We climb on the bus. Grandma Stanfa doesn't drive; she is accustomed to this ride from the Old South End to downtown Toledo. The only bus I've ridden is the one to my suburban school, where I'm in the first grade.

"Grandma," I announce with wide eyes, "look at all the chocolate people!"

"Shh." She raises her finger to her lips. "They're called colored people. You know, like Moms Mabley."

I nod, sneaking another look at the woman across the aisle. I've never seen a colored person in my neighborhood or school. But I'm familiar with Moms Mabley, whom Grandma loves to watch on TV. Later, Grandma talks about the importance of respect. She explains that words, even spoken out of innocence, can offend or hurt someone. I'll bet my grandmother has never hurt anyone's feelings. I hope I don't either.

Grandma sits straight. She rides the bus with a quiet dignity. I swing my dangling feet, kicking them against each other, and chatter away. Grandma smiles down at me. Unlike so many other adults I know, she answers my endless questions not just with patience, but with interest.

Although she has six other grandchildren, today is just about Grandma and me. She allowed me to choose our supper menu, bought me my very own can of black olives and even let me pick today's movie: The Jungle Book. I know my sisters and cousins have had their own days like this with Grandma. But today I feel special.

I hesitate when she stops at the concession stand. My family's far from rich, but I know my grandmother is worse off than we are.

My mom says Grandma's first husband died not long after my Uncle Bob was born. She married again and had my dad and my Uncle Sonny. I'm not sure what happened to my grandfather. I guess my dad met him just once, when he was three. I overheard my mom tell that story, too. "You're doing a good job with the boys," he told my grandmother when he visited. Then, he was gone for good.

My Uncle Bob still lives with Grandma though. He was in the Korean War, and he hears voices that nobody else hears. Grandma tells me I don't need to be afraid of him.

Grandma finally convinces me to get something to drink. I chew my bottom lip, considering my choices. I order a grape drink, served in a plastic, purple fruit-shaped cup.

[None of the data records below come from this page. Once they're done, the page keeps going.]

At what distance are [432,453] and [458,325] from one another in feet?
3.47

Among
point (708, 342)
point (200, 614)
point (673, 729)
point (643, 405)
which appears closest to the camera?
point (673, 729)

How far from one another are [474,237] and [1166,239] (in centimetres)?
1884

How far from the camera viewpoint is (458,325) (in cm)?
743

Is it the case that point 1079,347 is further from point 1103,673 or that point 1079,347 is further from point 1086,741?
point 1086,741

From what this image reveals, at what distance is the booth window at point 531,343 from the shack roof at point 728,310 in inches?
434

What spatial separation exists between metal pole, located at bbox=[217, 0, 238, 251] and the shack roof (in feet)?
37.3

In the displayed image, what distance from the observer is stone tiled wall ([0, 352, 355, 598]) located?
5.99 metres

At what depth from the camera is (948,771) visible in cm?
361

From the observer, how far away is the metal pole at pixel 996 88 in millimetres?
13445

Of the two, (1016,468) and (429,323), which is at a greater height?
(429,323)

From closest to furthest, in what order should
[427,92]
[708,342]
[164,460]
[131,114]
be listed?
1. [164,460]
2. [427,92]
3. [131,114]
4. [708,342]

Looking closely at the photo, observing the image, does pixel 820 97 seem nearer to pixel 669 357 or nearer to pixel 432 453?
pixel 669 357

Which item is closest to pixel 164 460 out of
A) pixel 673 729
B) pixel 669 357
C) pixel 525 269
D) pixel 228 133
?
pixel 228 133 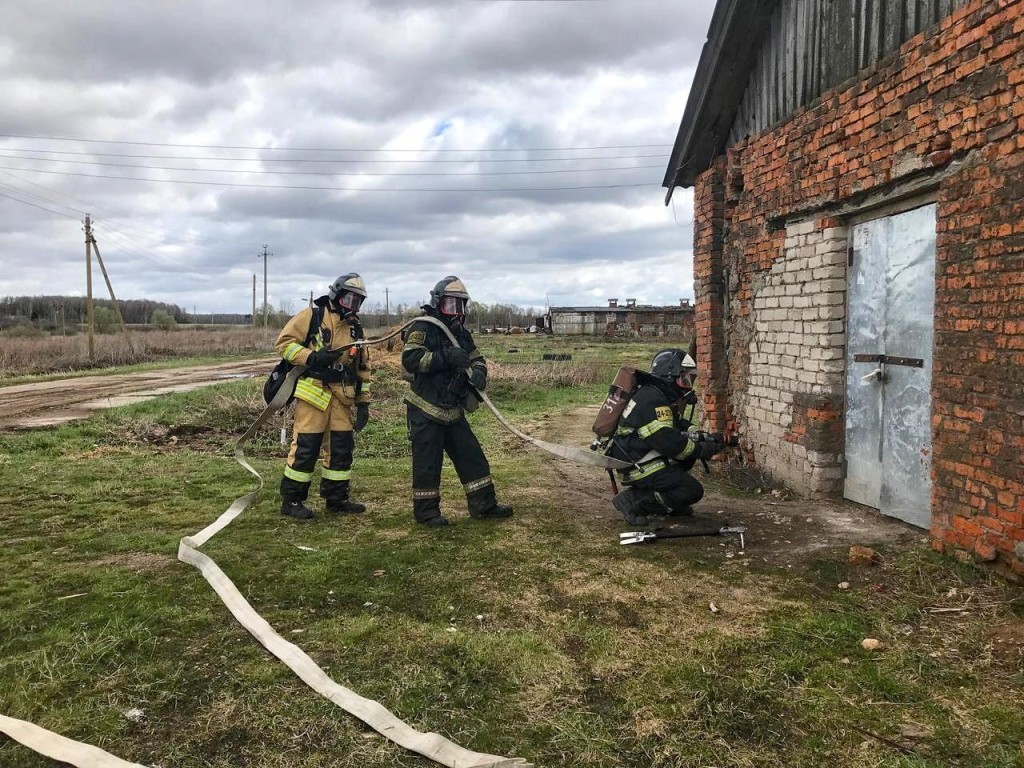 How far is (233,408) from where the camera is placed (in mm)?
12031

I have never been to an indoor theater before, only to the drive-in movies with my parents and sisters. From my velvet-covered seat in the Pantheon theater, I stare at the movie screen, mesmerized. I accidentally slurp--too loudly--through my straw. Alarmed, I glance up at my grandmother. She winks at me.

When we return to Grandma's house, she pours herself a drink. Whiskey. She lights a cigarette. When she's not looking, I stub it out in the ashtray. When I'm not looking, she lights another.

The next morning, we walk to Mass. I attend a Catholic grade school, but my parents aren't so religious about weekly Sunday services. Grandma's a good Catholic. The kind who goes to Mass every morning, seven days a week. The kind who doesn't remarry after a failed marriage and a long-gone husband, because the Church doesn't believe in divorce.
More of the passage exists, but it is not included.